Thu's Project Guide

Project: OPT Pal — H-1B Employer Data Hub Category: Web App (Flask) + Data Science Last updated: April 21

Note: This guide reflects the latest state of your project repo. It may not match the most up-to-date version if you've worked since.

Where You Are

Big jump from last week — real scaffolding is in the repo now:

helpers.py loads the USCIS CSV, cleans it (renames the long Excel headers to short codes, drops blank employers, coerces counts to numbers), and writes it into SQLite via import_data_into_SQL.py. That's legit data-engineering work.
app.py has one route that reads ?industry= and calls search_employers_by_industry, which runs a parameterized LIKE query against employers in SQLite.
templates/home.html renders a table of results with a styled search form.
Your project.spec.md is written and already names charts + compare + multi-year as stretch goals.

What's missing for the pivot we talked about: the app today is a single text filter. The plan now is to reshape it into a short onboarding quiz that narrows the search, then a dashboard with charts and (eventually) a US map. That's a much better demo-day story for "OPT Pal."

Two small things to fix in passing:

search_employers_by_industry currently lives in helpers.py next to cleaning. Search is business logic — it belongs in search.py on its own.
project.journal.md is still the template. Checkpoint 1 + Checkpoint 2 entries need to go in by Thursday.

Project Structure

Your project splits into two kinds of code:

Business logic — you handwrite this. Everything in search.py (NEW): the filter function the quiz drives, and the aggregate functions the dashboard reads. These ARE your app — the decisions about how someone narrows 12k employers and what numbers they see when they land on the dashboard.
Library / view code — agent-assisted is fine. Flask routes in app.py (they just read query params and pass dicts to templates), Jinja templates, Chart.js / Plotly.js snippets, CSS.
Keep as-is → helpers.py stays as your cleaning module (load_raw, clean_employers, load_clean).
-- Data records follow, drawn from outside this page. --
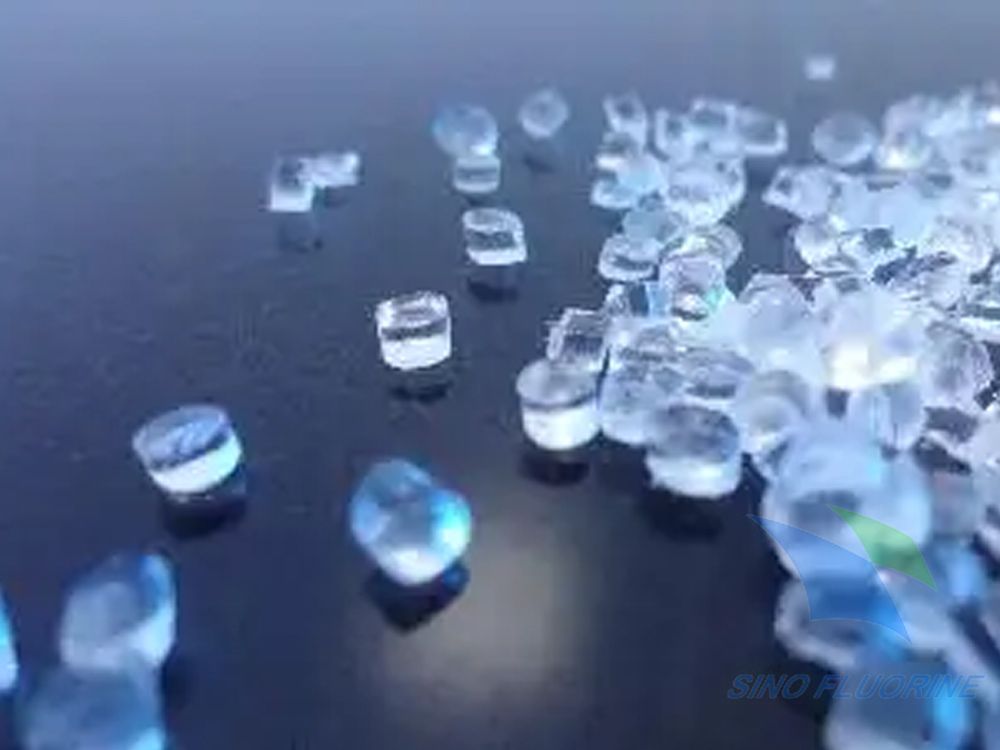 传统 PTFE 含氟聚合物.jpg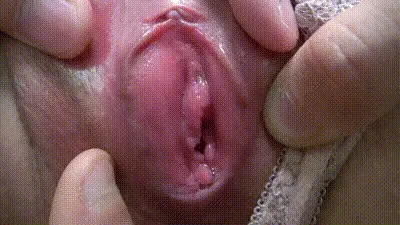 FC2PPV3788088 可愛偶像練習生床上是騷貨一名 和兩男激情3P連續四炮內射白虎穴[Part1] 动图预览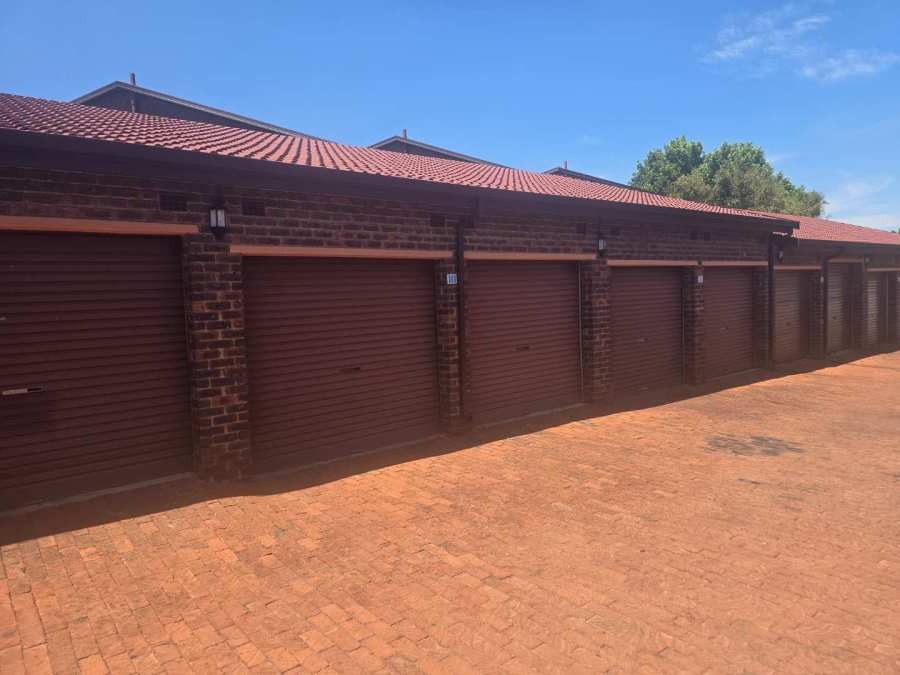 3 Bedroom Property for Sale in Brackenhurst Gauteng
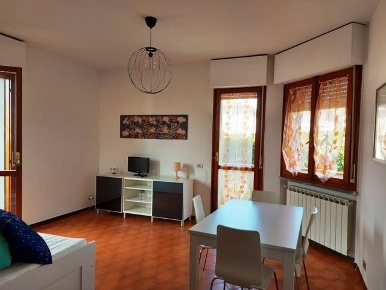 Foto Appartamento a Massa Marina di Massa Centro di 82 m² con 4 locali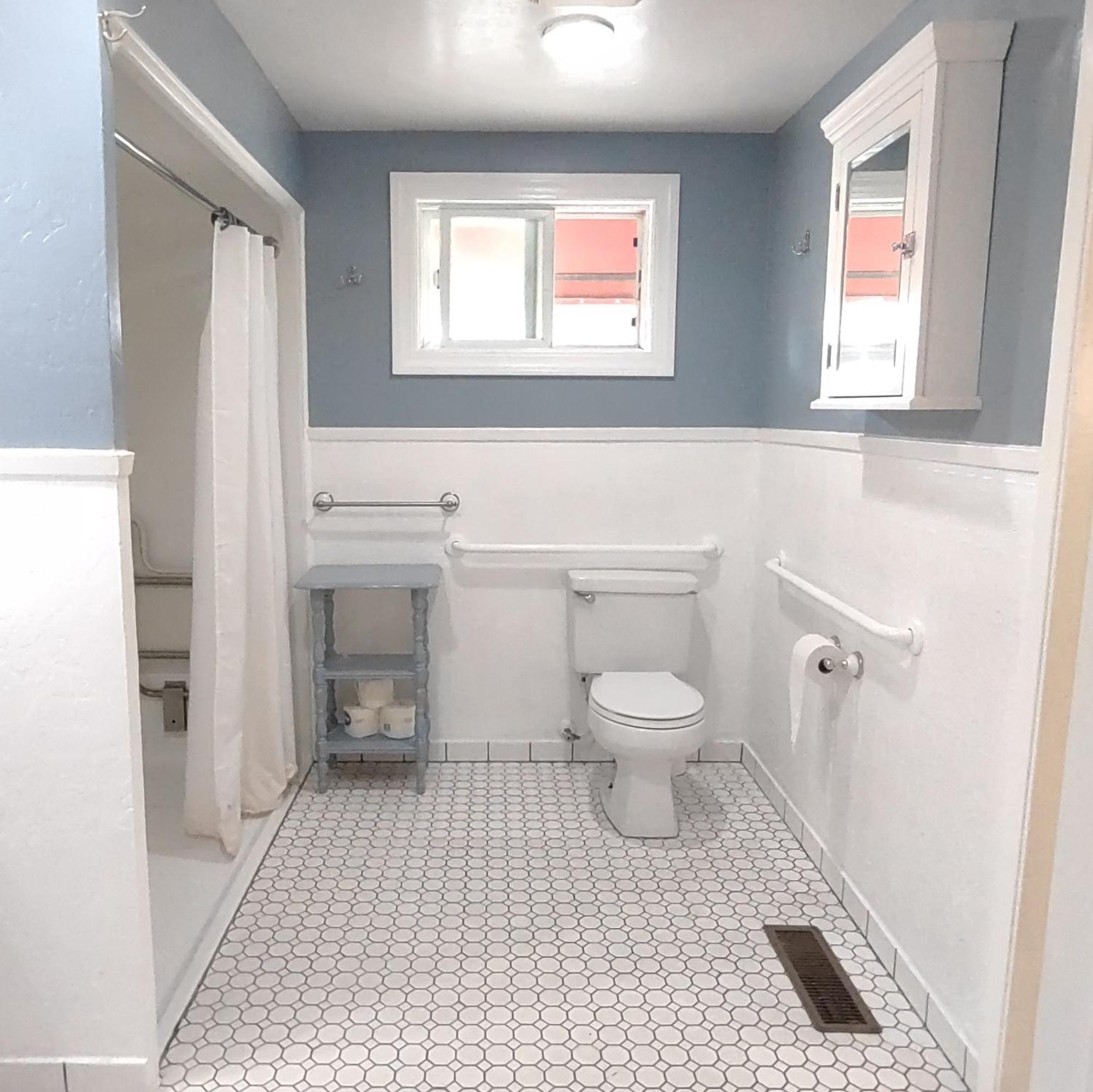 San Luis Obispo Hostel *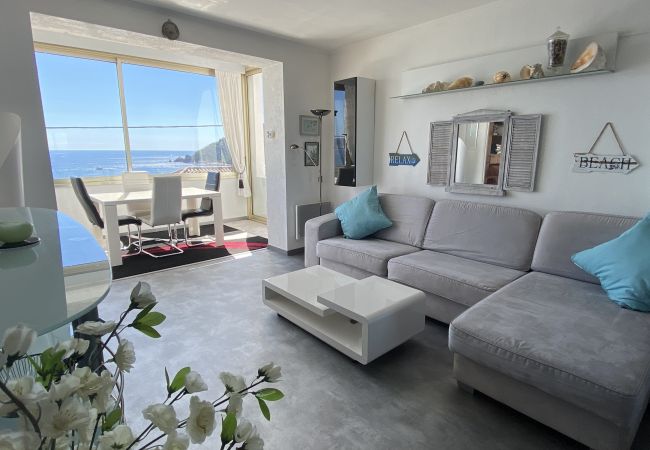 Appartement à Théoule-sur-Mer - JASMINS - Magnifique haut de villa vue sur mer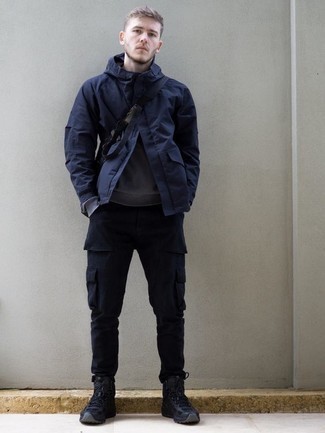 С чем носить темно-сине-белую ветровку мужчине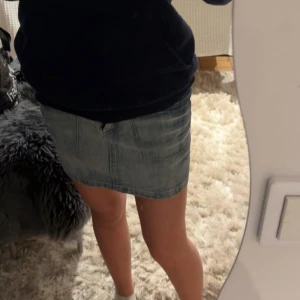 Jeanskjol - Säljer då det inte riktigt är min stil, köptes när jag var packad så kan väl vara därför de legat i garderoben o skräpat under hela sommaren för att jag inte vetat vad jag ska göra med de, så tänker att nån annan blir väl säkert glad av att få dessa hem 😊😊💕 står storlek XS i den men skulle säga att den passar även nån som bär S till vardags. Köptes på vinted så vet inte riktigt vad kjolens ordinariepris ligger på, därav det relativt låga priset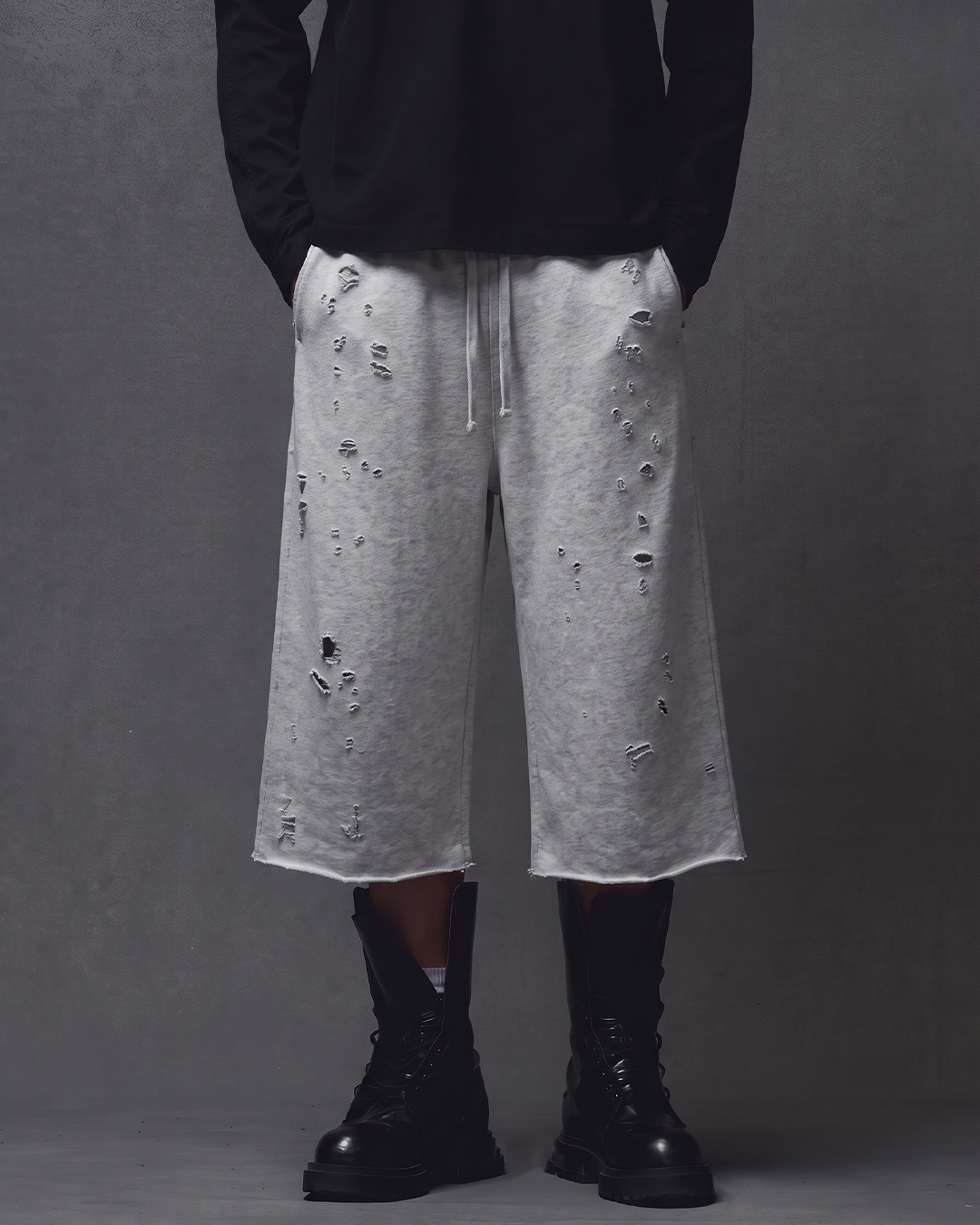LONG SWEAT SHORT - DISTRESSED HEATHER GREY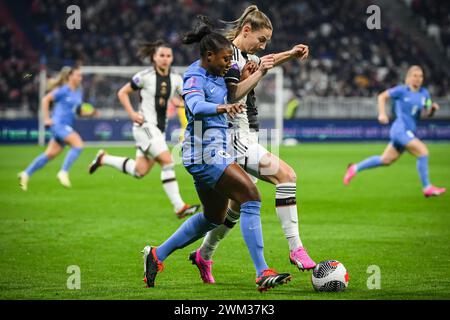 Decines Charpieu, Frankreich. Februar 2024. © Matthieu Mirville/MAXPPP - Decines-Charpieu 23/02/2024 Kadidiatou DIANI aus Frankreich und Sarai LINDER aus Deutschland während der UEFA Women's Nations League, Halbfinalspiel zwischen Frankreich und Deutschland im Groupama-Stadion am 23. Februar 2024 in Decines-Charpieu bei Lyon, Frankreich. Quelle: MAXPPP/Alamy Live News Stockfoto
No search logic in there.

Target layout by Thursday:

final-project-huynth4/
├── app.py                          ← Flask routes — agent-assisted OK
├── helpers.py                      ← cleaning only — already done
├── search.py                       ← business logic — handwrite (NEW, yours to own)
├── import_data_into_SQL.py         ← already done
├── pyproject.toml
├── templates/
│   ├── base.html
│   ├── quiz.html                   ← NEW — the onboarding wizard
│   └── dashboard.html              ← NEW — charts + stats + results
├── static/
│   └── style.css
├── instance/
│   └── opt_pal.db
└── data/
    └── Employer Information.csv

Quiz flow

To setup your quiz, we'll create a sequence of URL routes that will guide the user through a series of questions leading to a dashboard with helpful information.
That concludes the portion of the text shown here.